As for coaching, well, it would be so cool to coach the defensive line for the boys' team. They need all the help they can get! I might even be the first woman in the state to do it. We did have an interpreter join the football staff to interpret for a hearing-impaired player, but she wasn't an official coach. I want to be the first!

But teaching gym or health class—no. I don't want to own the “lesbian” label kids apply to all unmarried, athletic women who teach gym. And I know I'd get bored with what they do for exercise now: ping-pong, basketball games that look more like soccer with everyone chasing the ball, and walks around a track while they gossip. I'd probably pull out the tackling dummies on the second day of school and rough them
u
p.

And as for teaching health class, well, I might like to teach that. We have so many overweight kids here, and you really can't blame the school lunches. Those haven't changed—the kids have. They are so damn lazy! They're not-so-little couch spuds who probably chain themselves in front of the TV or a computer screen and use their fingers only to play games or surf the Internet after school. The school is even ordering wider-bottomed chairs for the new building because of the students' collective girth. It's such a shame that it's almost a disgrace. Young folks are not supposed to get their second chin before they hit puberty. If I taught health class, they would be getting a heavy dose of diet and exercise information.

And I think I'd actually like teaching sex education, and I wouldn't teach them the way I was taught, with
diagrams and charts and that stupid condom on the banana.
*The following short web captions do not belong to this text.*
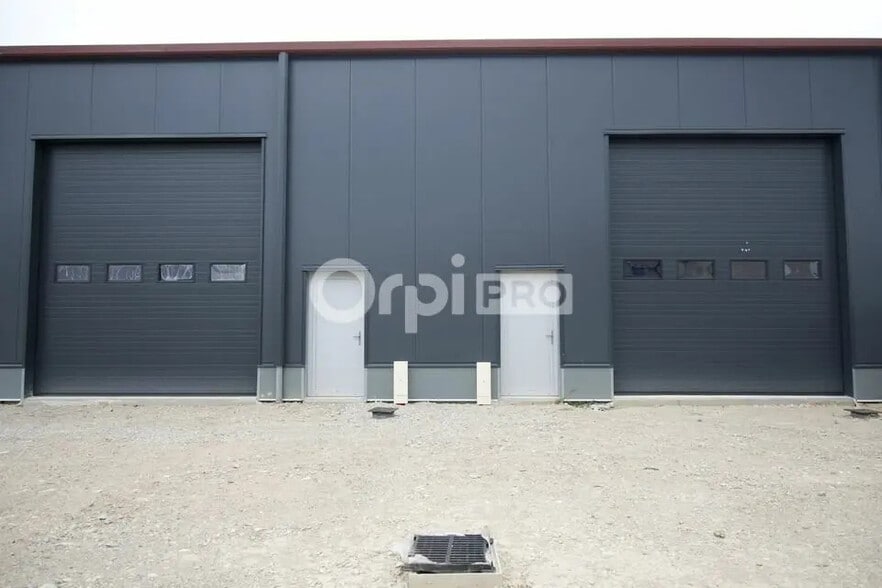 Local d’activités dans Chavanoz à louer - Photo de l’immeuble – Image 1 sur 5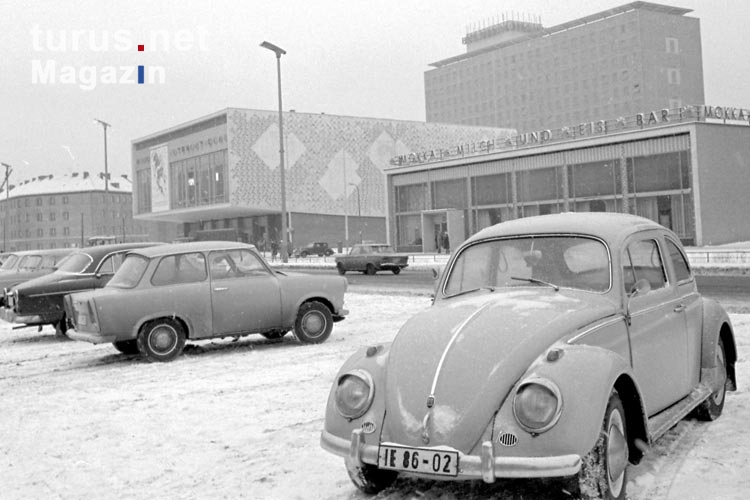 alter VW Käfer und Trabant vor dem Kino International und der Mokka Bar in Ostberlin, 60er Jahre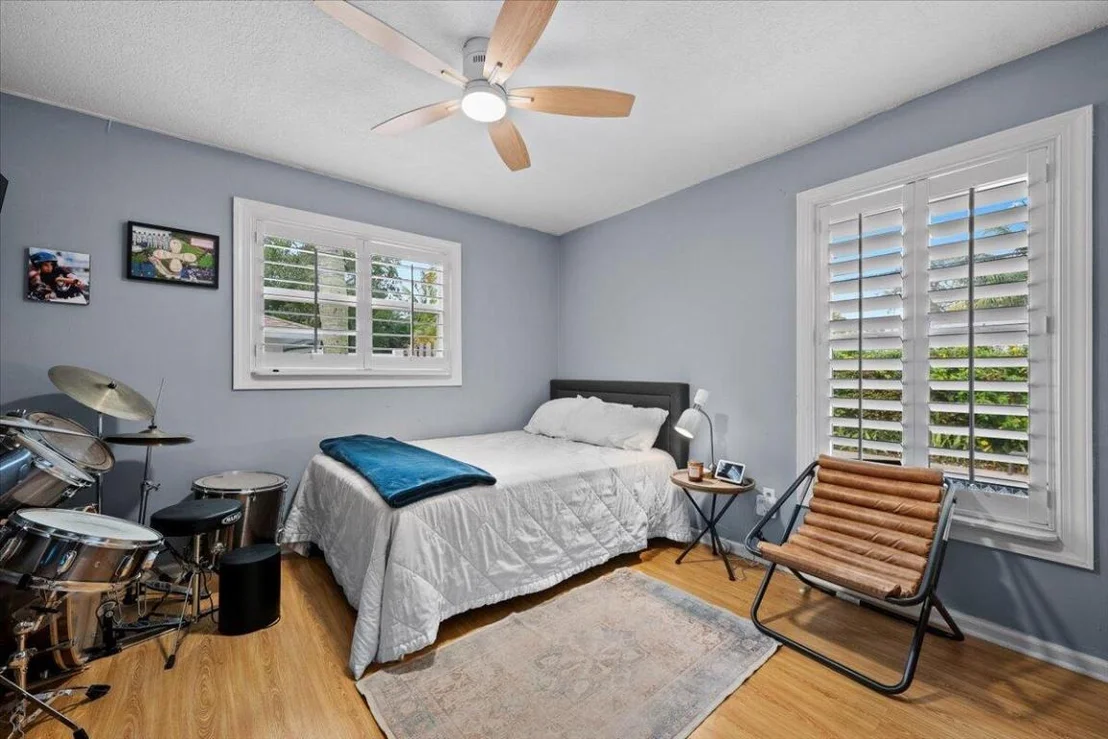 Photo of 443 Beacon Street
I'd tell them the real deal, including lessons on foreplay, “play,” and “after-play.”

And I'd probably get my ass fired.

Today is a typical day, and it starts with picking up Bobby at the curb in front of the main office. His mama—who looks as if she could cry at all times—has a van with a chairlift, so Bobby rolls out in style, bundled up as if it's twenty below. Bobby can't even get the simplest cold without it threatening his life.

“Good morning, Miss Cole,” Bobby says with a smile, his long eyelashes fluttering onto his chubby cheeks.

I know he has a crush on me.

“How is Bobby Fischer this morning?” I say, and then I wink.

“Just fine, Miss Cole.”

He always blushes when I wink, and no, it isn't wrong to flirt with a dying child. I treat him like the man he'll never have the opportunity to be, and if he makes it to his junior year, I'm going to let this polite young man call me by my first name. I may even let him take me to the prom. For a Christmas present, I bought him a book on chess strategy, which I should have read myself. His mama told me that he already had the book, and I felt so dumb. “No,” she said. “It's his favorite book in the world. He reads it every night.”

It's so sad to think this, but Bobby may actually be in love with me. I intend to return that love as long as he's around.

I push Bobby through crowds of young kids (I know I have
shoes
older than most of them) to the elevator. Once inside with the doors shut, Bobby watches the number one change to number two.